USC history Ph.D. candidate Michelle Damian added GIS skills to her research toolbox through SSI’s introductory course. She then found herself using these tools while on a Fulbright Doctoral Fellowship in Japan and shared these thoughts.
My project focuses on the maritime cultural landscape of Japan’s medieval (14th – 16th centuries) Seto Inland Sea area, examining how people interacted with the sea. Because a significant aspect of that research involves tracing trade routes as seen in both written and archaeological records, I took GEOG 581, Concepts for Spatial Thinking, to learn more about how to use GIS to help analyze those data.

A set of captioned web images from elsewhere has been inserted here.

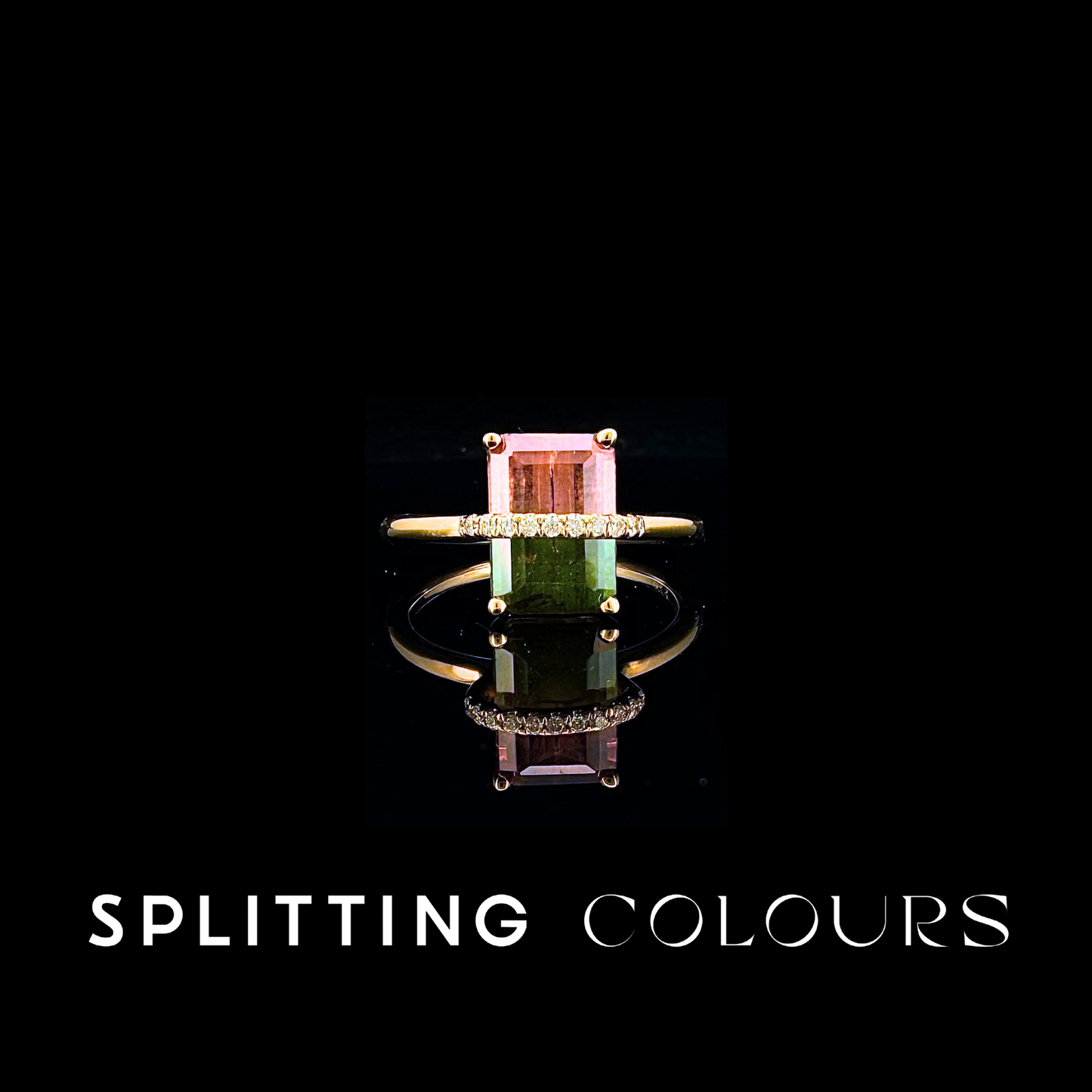The Traverse Ring - 3.25ct Watermelon Tourmaline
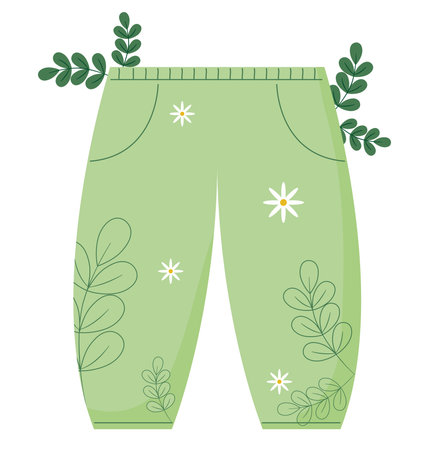 sustainable pants designのイラスト素材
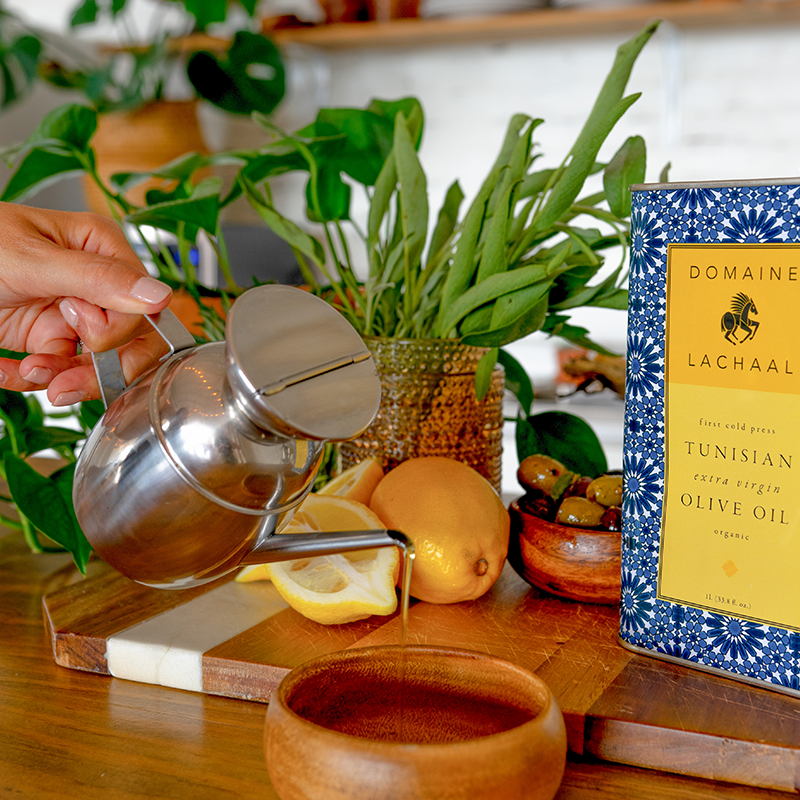 1 Liter Tin | Organic Extra Virgin Olive Oil – Domaine Lachaal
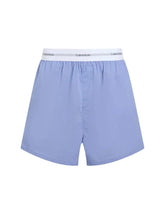Calvin Klein Logo Pure Cotton Poplin Pyjama Shorts Adomoo
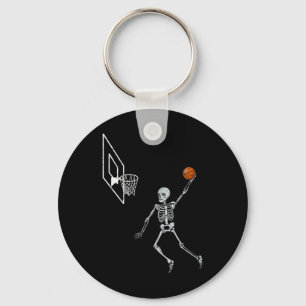 Llavero Esqueleto Antiguo Jugador de Baloncesto Hundiendo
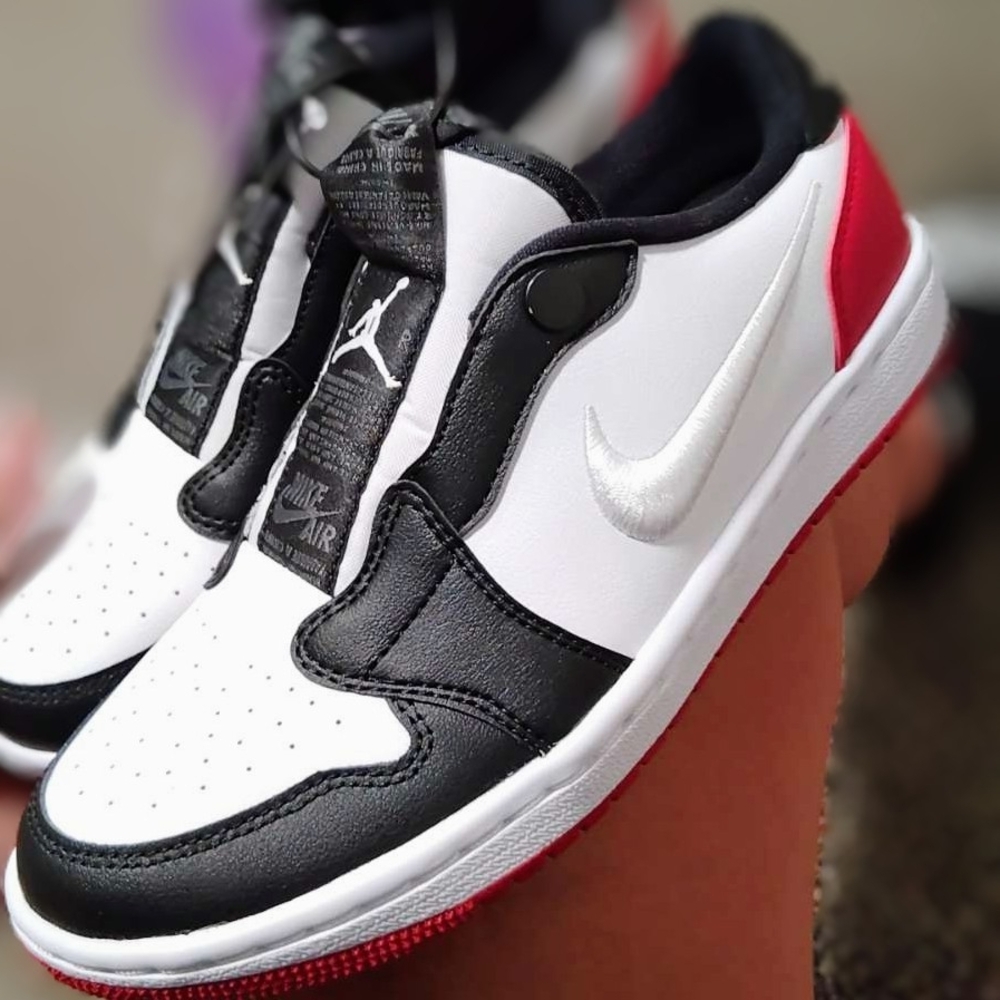 Nike Air Jordan Black, White, and Red Shoes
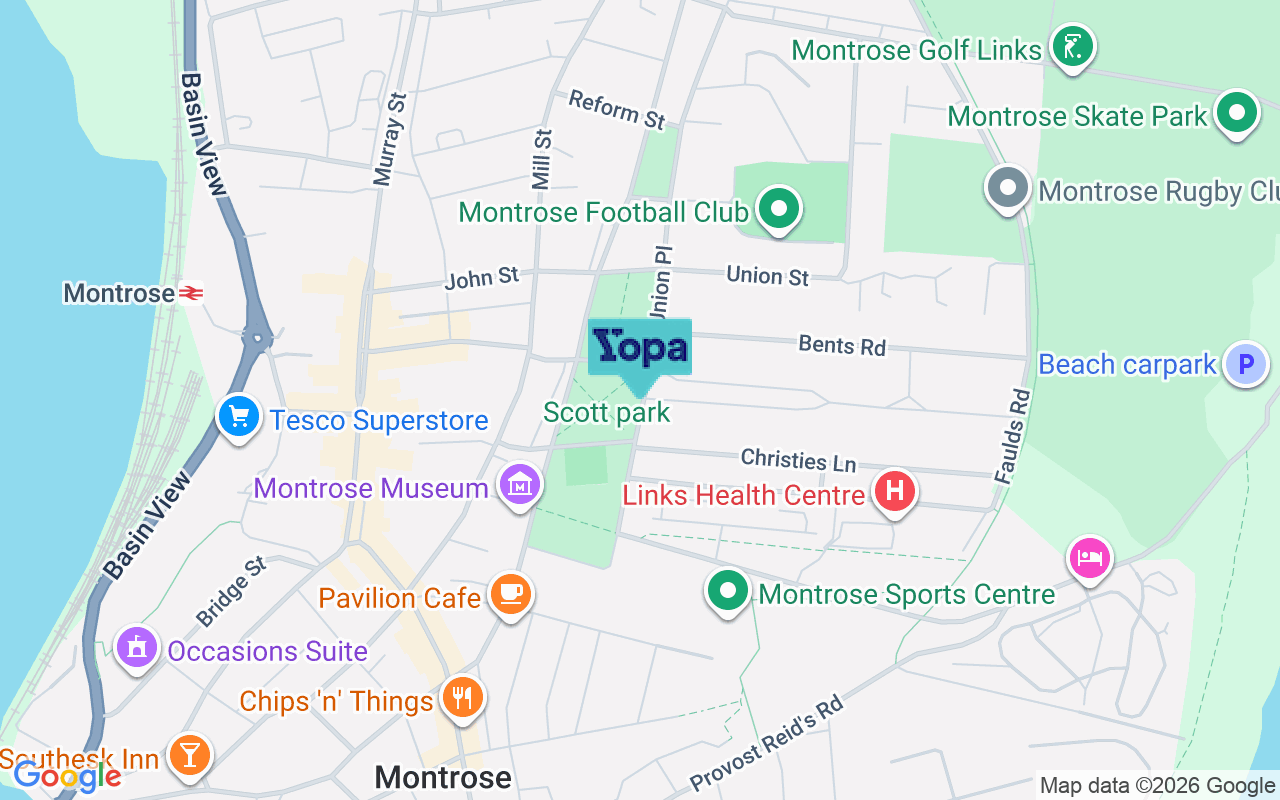 Map showing the location of DD10 8PL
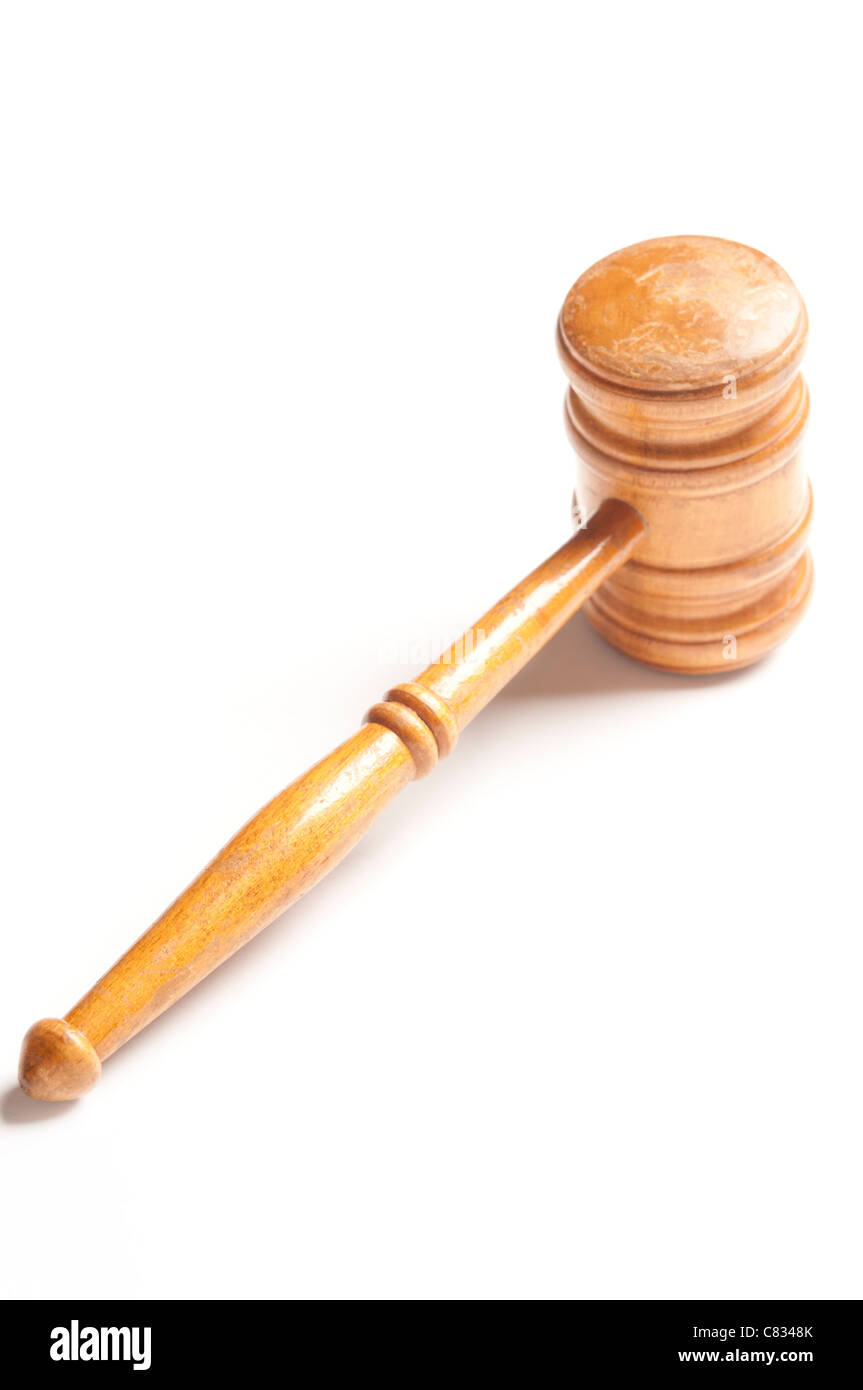 antique wooden gavel Stock Photo Alamy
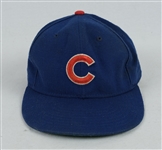Andre Dawson c. 1990-91 Chicago Cubs Game Used Hat w/Dave Miedema LOA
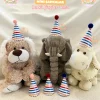 Peluş Oyuncak Şapkaları 6'lı - Renkli Çizgiler Tema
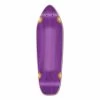 Punked Mini Cruiser Blank Deck - Stained Purple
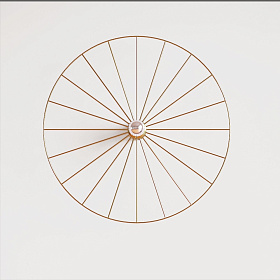Бра Wheel 60 cm золотой + цоколь 15 cm золотой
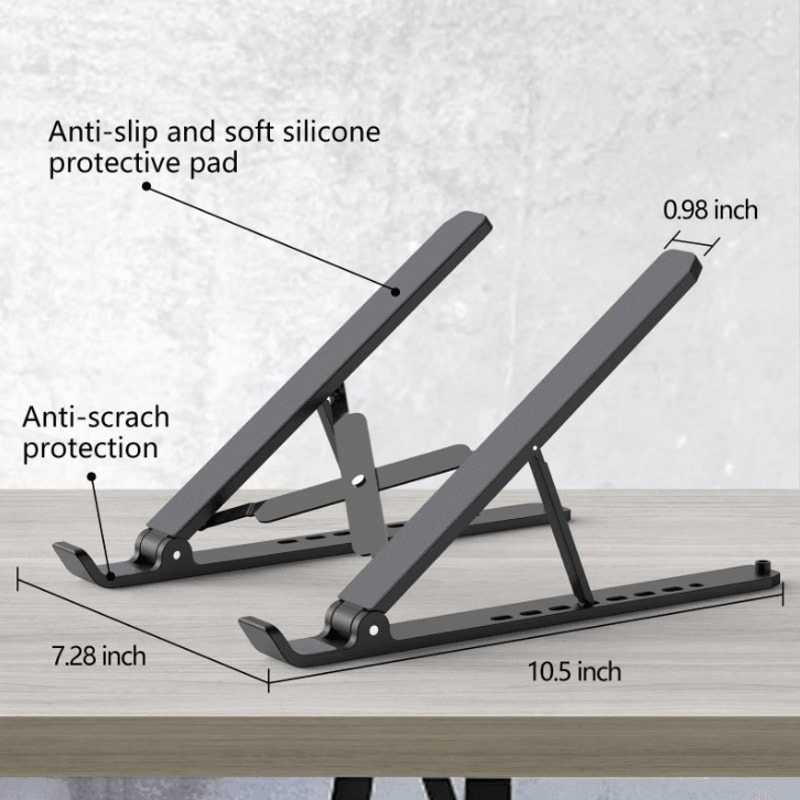 Foldable Portable Laptop Stand Adjustable Cooling Support For Laptop And Tablet 3
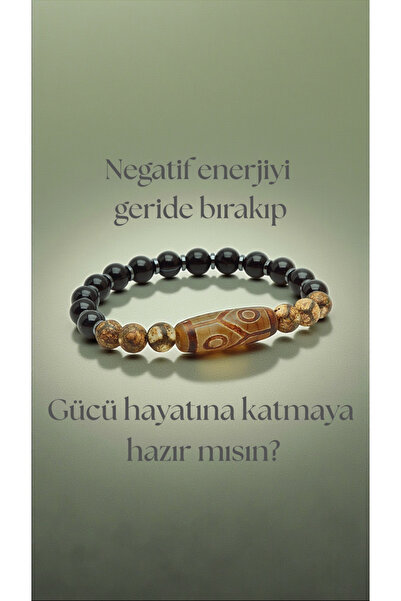 Özer DOĞALTAŞ SİYAH AKİK-TİBET AKİK (POZİTİF ENERJİ, KARARLILIK, BİLGELİK, ÖZ...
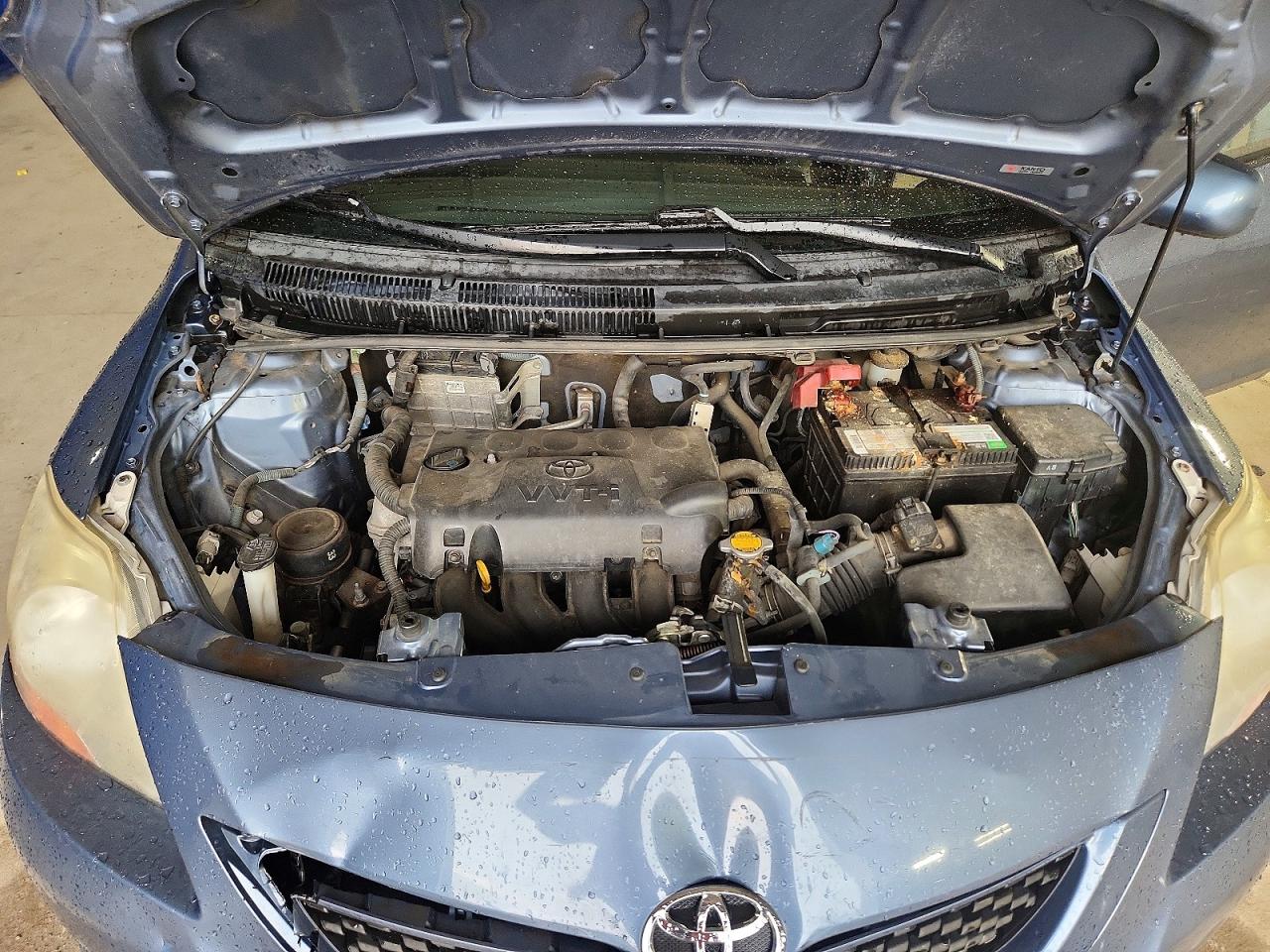 2012 Toyota Yaris Fleet Blue vin: JTDBT4K37C1419475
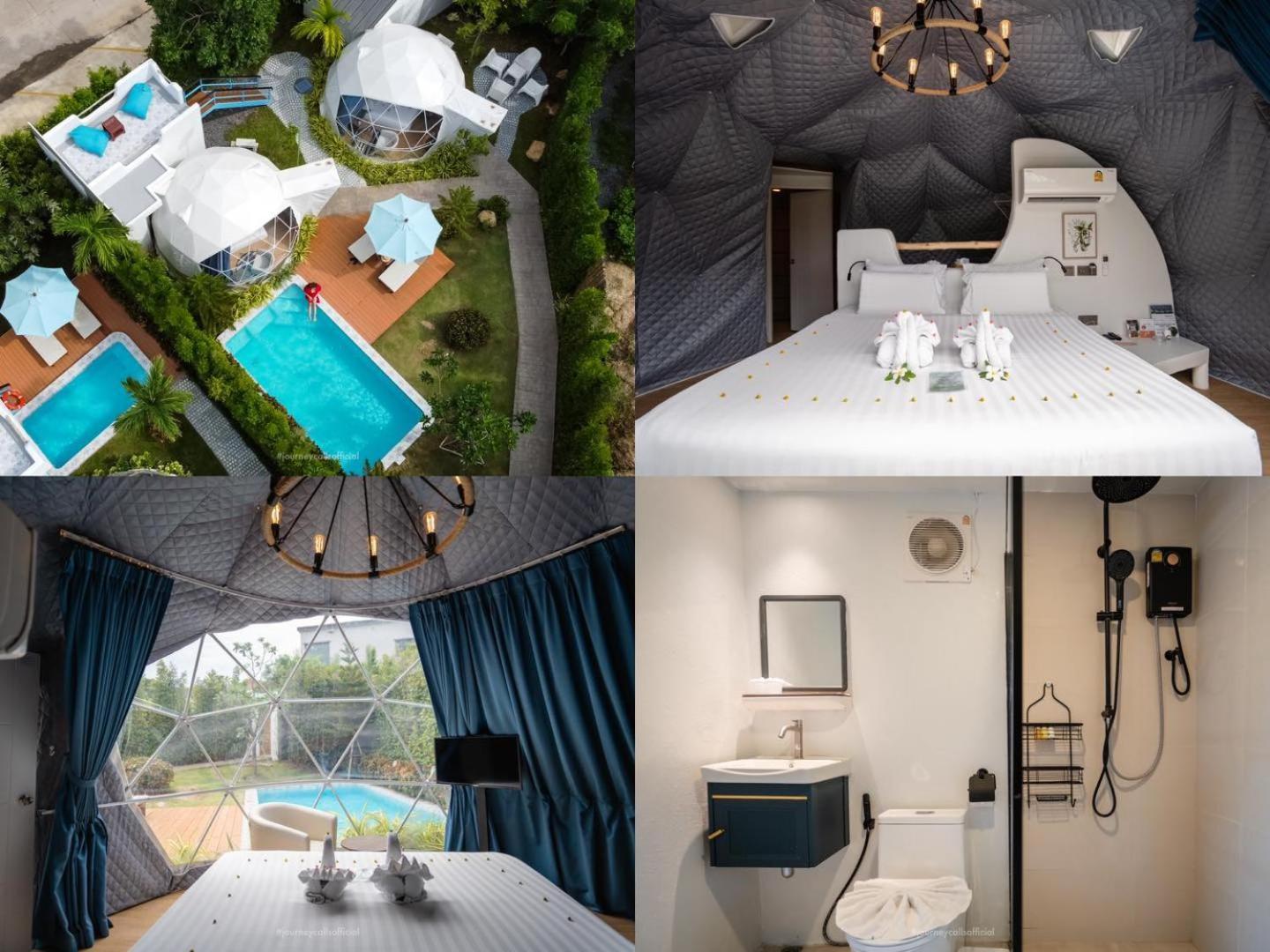 Le Resort And Villas Rawai Екстер'єр фото The interior of a bubble hotel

My major documentary source is a series of records from the year 1445 that list over 1,900 ships entering the port at Hyōgo (modern-day Kobe), listing the port of origin, types and amounts of cargoes carried, taxes imposed on the cargoes, and the names of the ship’s captains and the warehouse managers receiving the cargoes. I translated those records and created a database for GIS that allows me to isolate different types of cargoes and examine potential transshipping within the Inland Sea area. While in Japan I examined archaeological reports from the region to determine other remnants of trade goods, including shipwrecks, as well as other indications of human interaction with the sea such as seafaring temples, piers and wharf structures, and fishing implements. Overlaying these data with the port record database results in a much richer picture of the connections between different regions of the Inland Sea.
In June of this year, I presented some of the preliminary findings of this research at the “Reassessing the Shoen System” conference at USC, which gathered scholars from Japan, the USA, and England to examine aspects of the medieval estate (shōen) system in Japan. Several of the Japanese scholars were unfamiliar with GIS and questioned me extensively after the presentation. They were extremely impressed with the flexibility that the software provides for spatial analysis, particularly in aspects such as tracing the movements of people. I demonstrated a selection that tracked the movements of a particular ship’s captain that showed how he likely worked in conjunction with other ships in other locations both near and far, which is an analysis that has not been conducted yet even by Japanese scholars. One professor joked that the maps and database that I was showing were so valuable that if these were his data, he would probably sleep with the computer under his pillow!
I’m excited for the potential uses of GIS in historical research, and am looking forward to continuing to use it in my dissertation work and beyond.